Background Subtraction Uncertainty from Submillimetre to Millimetre Wavelengths
Simone Ferraro, Brandon Hensley

TL;DR
This paper quantifies the uncertainty in background subtraction for galaxy observations at submillimetre to millimetre wavelengths, providing formulas and code to improve error analysis in flux measurements.
Contribution
It introduces simple formulae for estimating background subtraction uncertainty and makes the calculation code publicly available.
Findings
Uncertainty depends on wavelength and aperture size.
Formulas help assess when background uncertainty is significant.

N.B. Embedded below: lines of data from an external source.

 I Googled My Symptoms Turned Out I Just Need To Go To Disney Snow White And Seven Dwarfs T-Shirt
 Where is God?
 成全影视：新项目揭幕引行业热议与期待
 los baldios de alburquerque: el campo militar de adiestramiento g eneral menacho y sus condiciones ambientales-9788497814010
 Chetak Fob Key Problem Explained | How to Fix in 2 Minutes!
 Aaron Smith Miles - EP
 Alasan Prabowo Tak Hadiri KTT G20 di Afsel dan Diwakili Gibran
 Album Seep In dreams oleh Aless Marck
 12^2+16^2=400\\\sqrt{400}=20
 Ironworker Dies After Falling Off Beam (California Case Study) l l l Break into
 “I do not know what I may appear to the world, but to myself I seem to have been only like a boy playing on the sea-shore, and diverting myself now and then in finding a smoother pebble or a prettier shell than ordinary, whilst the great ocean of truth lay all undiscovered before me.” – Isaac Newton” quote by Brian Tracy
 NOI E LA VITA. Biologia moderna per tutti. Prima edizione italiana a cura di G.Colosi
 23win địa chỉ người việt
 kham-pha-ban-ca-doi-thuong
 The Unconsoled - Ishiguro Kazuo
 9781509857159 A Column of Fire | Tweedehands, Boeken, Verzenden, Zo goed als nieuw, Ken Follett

Code availability facilitates practical application.
Abstract
Photometric observations of galaxies at submillimetre to millimetre wavelengths (50 - 1000 GHz) are susceptible to spatial variations in both the background CMB temperature and CIB emission that can be comparable to the flux from the target galaxy. We quantify the residual uncertainty when background emission inside a circular aperture is estimated by the mean flux in a surrounding annular region, assumed to have no contribution from the source of interest. We present simple formulae to calculate this uncertainty as a function of wavelength and aperture size. Drawing on examples from the literature, we illustrate the use of our formalism in practice and highlight cases in which uncertainty in the background subtraction needs to be considered in the error analysis. We make the code used to calculate the uncertainties publicly available on the web.